“Asa” merges the past with the present as old weirdnesses overlap new ones in another slow, mysterious chapter.
This recap of Netflix’s Katla season 1, episode 2, “Asa”, contains spoilers.
I don’t recall the last show I watched that didn’t include a flashback, so it stands to reason that Katla episode 2 opens with one. It’s brief, though, giving a glimpse into the earliest moments of Katla’s eruption, which is fitting since it also includes Asa’s initial disappearance, and the cliffhanger ending of the previous episode revealed Asa to be alive — though not necessarily well. Asa is covered in the same layer of ash and clay as Gunhild was. She’s similarly hypothermic and has a similarly selective memory. She recalls being on the glacier on the snowmobiles, trying to clear out tourists — this is what we saw in the opening flashback — and someone injecting her with a hypodermic needle, although that might have been when she got back to the hospital. Is this a criminal case? Has someone been holding her and Gunhild captive this entire time?
“Asa” isn’t in a hurry to get anywhere. It’s full of somber scenes set to choral music; Grima bathing in dirty water, her mother being swept out to sea, a horse distressedly writhing on the beach. But that isn’t to say there are no developments at all. Gunhild, it turns out, is pregnant, which she is told just as the older Gunhild arrives in Vik. This is all interspersed with more worrying readings from the volcano. In light of all this obvious weirdness, it’s hard to buy into the whole kidnapping theory, which seems far too mundane. Bergrun at the Hotel Vik recognizes the older Gunhild when she checks in there, but she’s suspiciously cagey.

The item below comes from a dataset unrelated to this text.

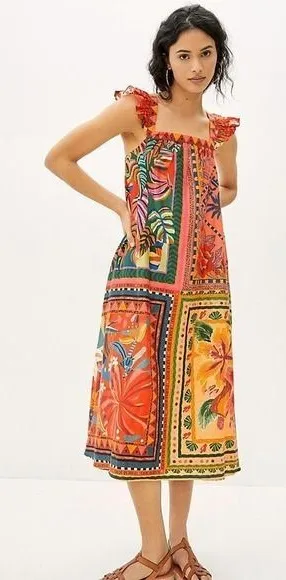 Anthropologie FARM RIO Mosaic Midi Dress Cotton Pockets Colorful Tropical Medium thumbnail 1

There’s a clear theme in Katla episode 2 of Vik no longer being the same as anyone left it. Gunhild’s conversation with Bergrun is to that effect, and Asa questions Thor about her memorial. Both Gunhilds meet and the older version is very concerned to hear that the younger is apparently pregnant with Thor’s child. Asa visits her own memorial. The past is confronting the present quite literally in all these instances. The same can be said of the older Gunhild meeting with Thor at his farm. It’s the first time they’ve seen each other in 20 years. He’s shocked to learn that he might be the father of younger Gunhild’s child, but it seems obvious at this point that there’s some element of time travel occurring here.
Bergrun tells Gisli’s wife during a reading about an earlier eruption of Katla that apparently caused the same phenomenon of people disappearing and then reappearing years later. Again, past meets present; old meets new; cycles repeat. The local wildlife seems equally, ominously prominent. Squawking black birds and shivering, mangy sheep never seem far away from local weirdnesses. Katla season 1, episode 2 even recycles the first episode’s cliffhanger when Darri finds his dead son suddenly alive, once again covered in ash and clay.